**TASK TO COMPLETE**
Return, without pictures, the lines from the start of the data through the one that contains "Свадьба - Lace".
__________________________________________________
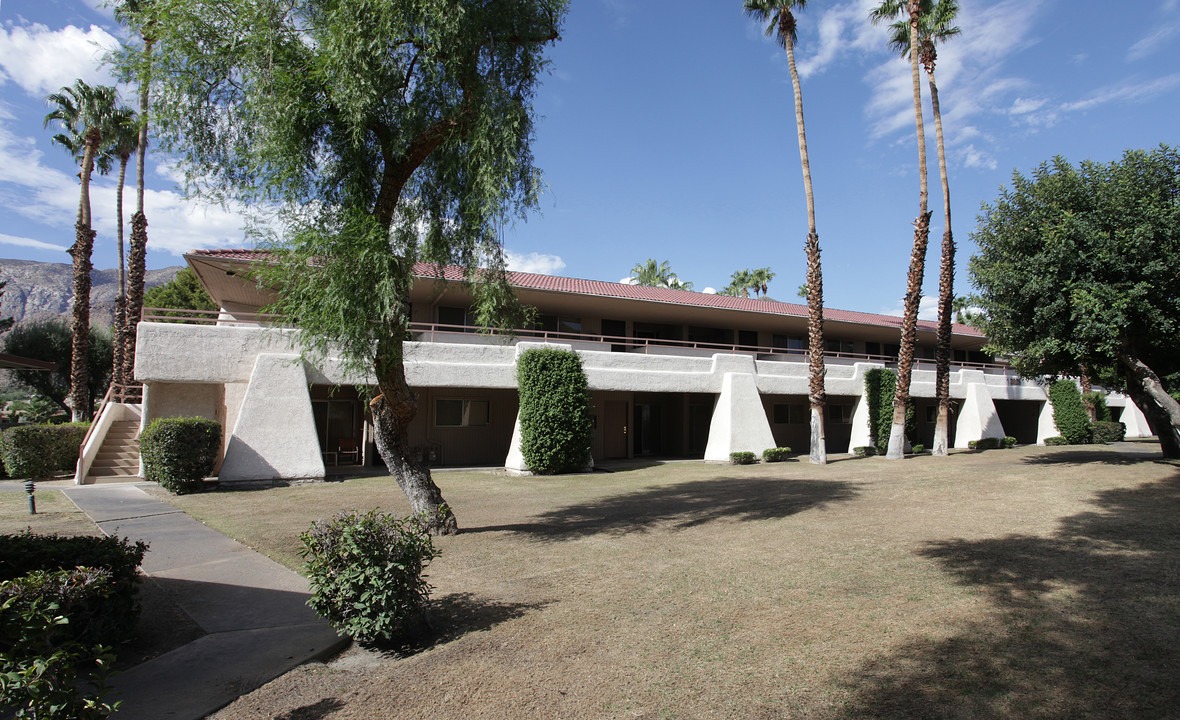 Palm Springs Villas in Palm Springs, CA - Building Photo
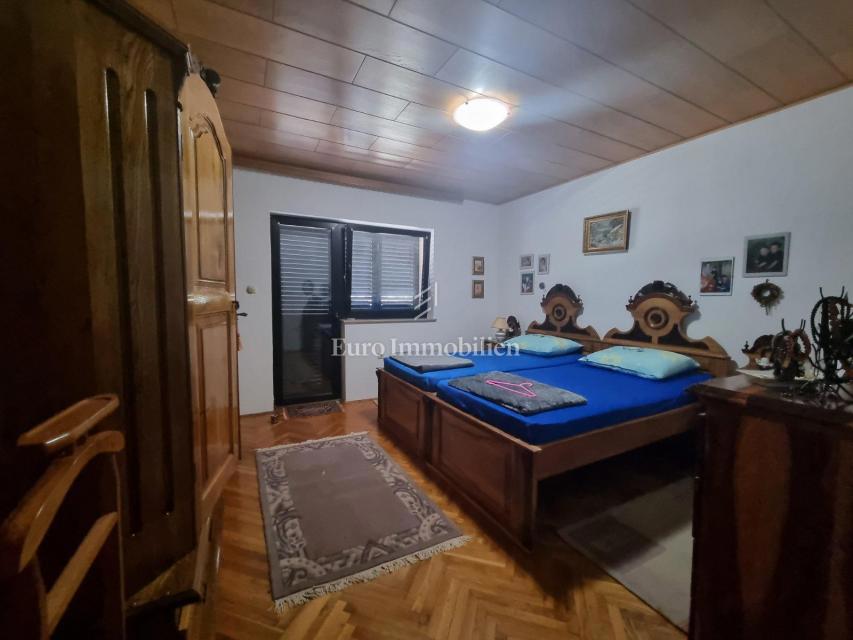 Senj, hiša z dvema apartmajema in garažo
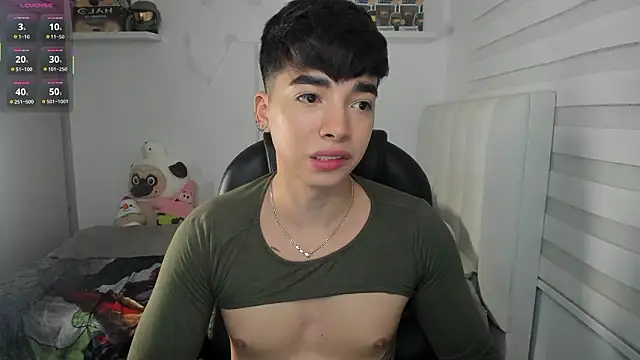 Snapshot of santy7v7 chatting on 02/27/26, 01:22 santy7v7 online show from 02/27/26, 01:22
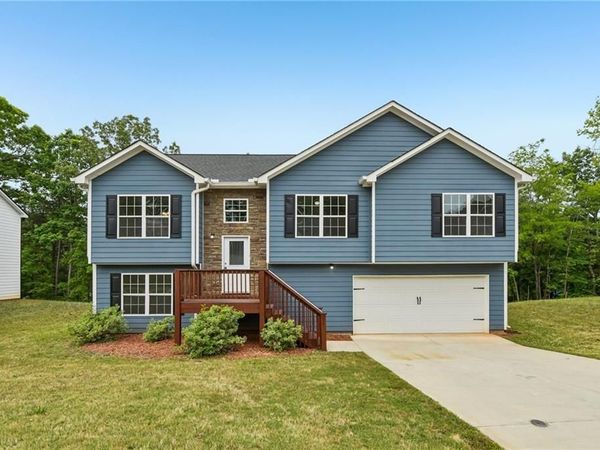 382 Arlington Lane , Commerce, GA 30529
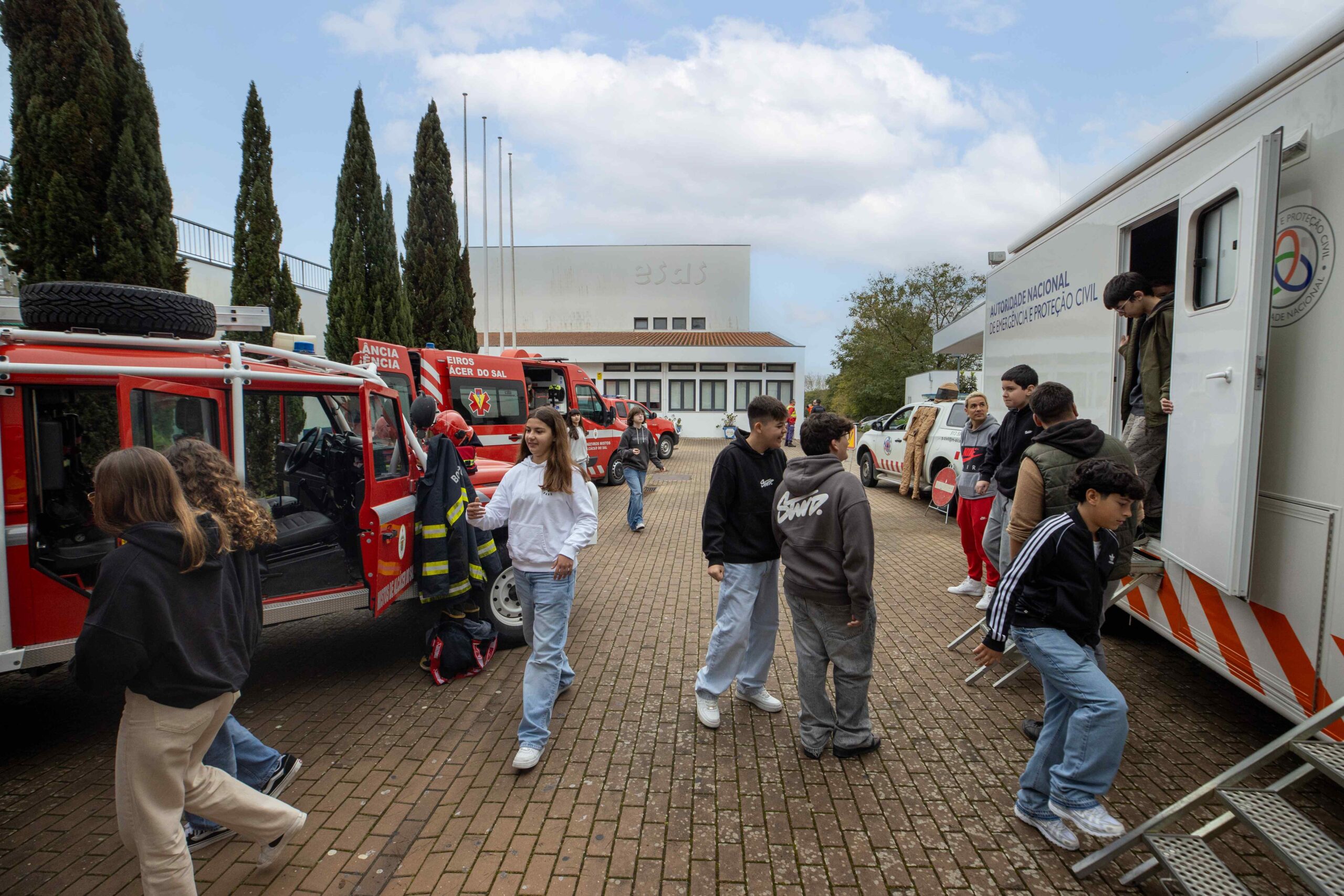 Dia Internacional da Proteção Civil foi assinalado nas Escolas com presença do Serviço Munici...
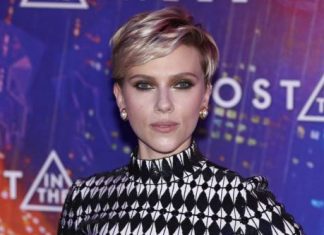 Скарлетт Йоханссон отказалась от роли трансгендера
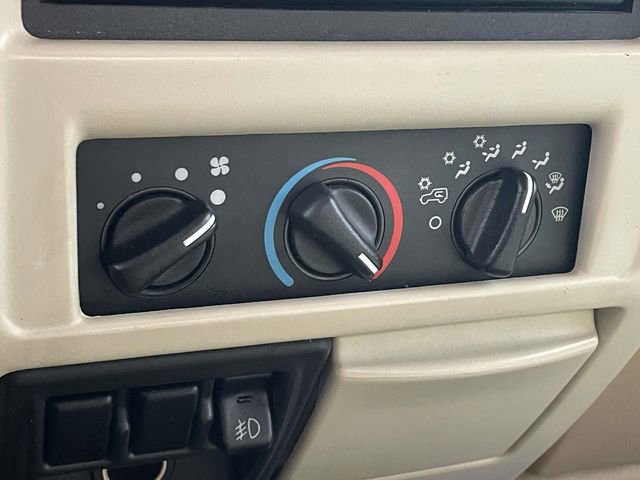 Used 2000 Jeep Wrangler Sahara image 29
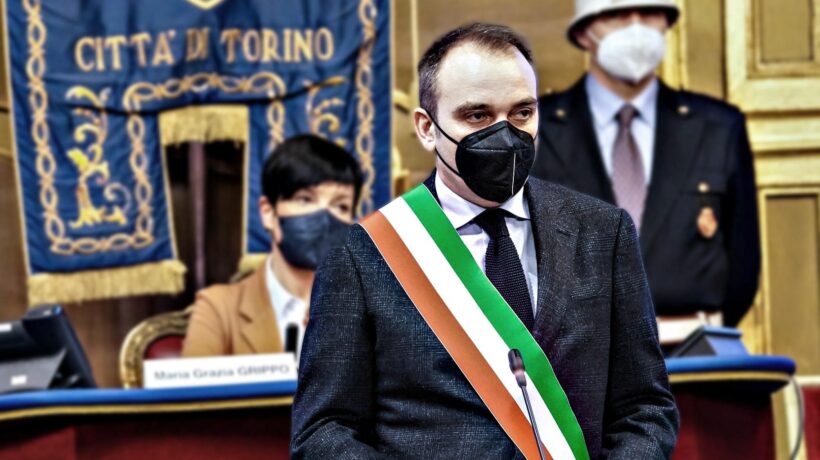 Asse dei sindaci dem per alzare le tasse. E Franco fa da sponda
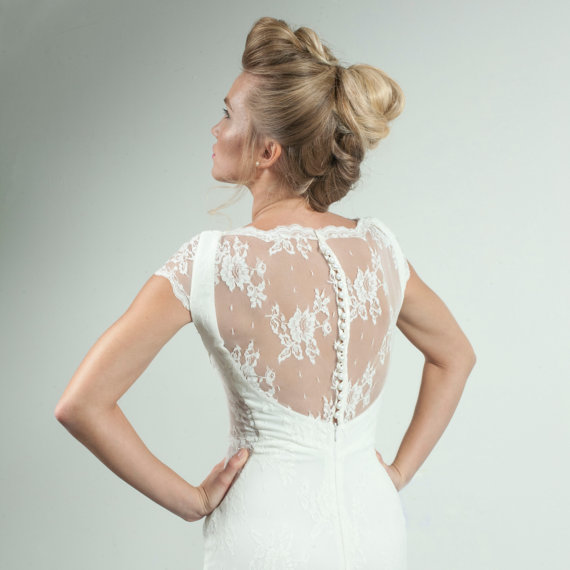 Свадьба - Lace wedding dress with cap sleeves -  vintage style buttons lace wedding dress
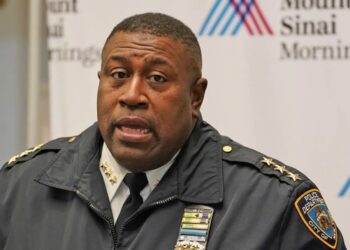 Dimite el jefe de la Policía de Nueva York acusado de exigir sexo a una subordinada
__________________________________________________
**RESPONSE AREA**
 Palm Springs Villas in Palm Springs, CA - Building Photo
 Senj, hiša z dvema apartmajema in garažo
 Snapshot of santy7v7 chatting on 02/27/26, 01:22 santy7v7 online show from 02/27/26, 01:22
 382 Arlington Lane , Commerce, GA 30529
 Dia Internacional da Proteção Civil foi assinalado nas Escolas com presença do Serviço Munici...
 Скарлетт Йоханссон отказалась от роли трансгендера
 Used 2000 Jeep Wrangler Sahara image 29
 Asse dei sindaci dem per alzare le tasse. E Franco fa da sponda
 Свадьба - Lace wedding dress with cap sleeves -  vintage style buttons lace wedding dress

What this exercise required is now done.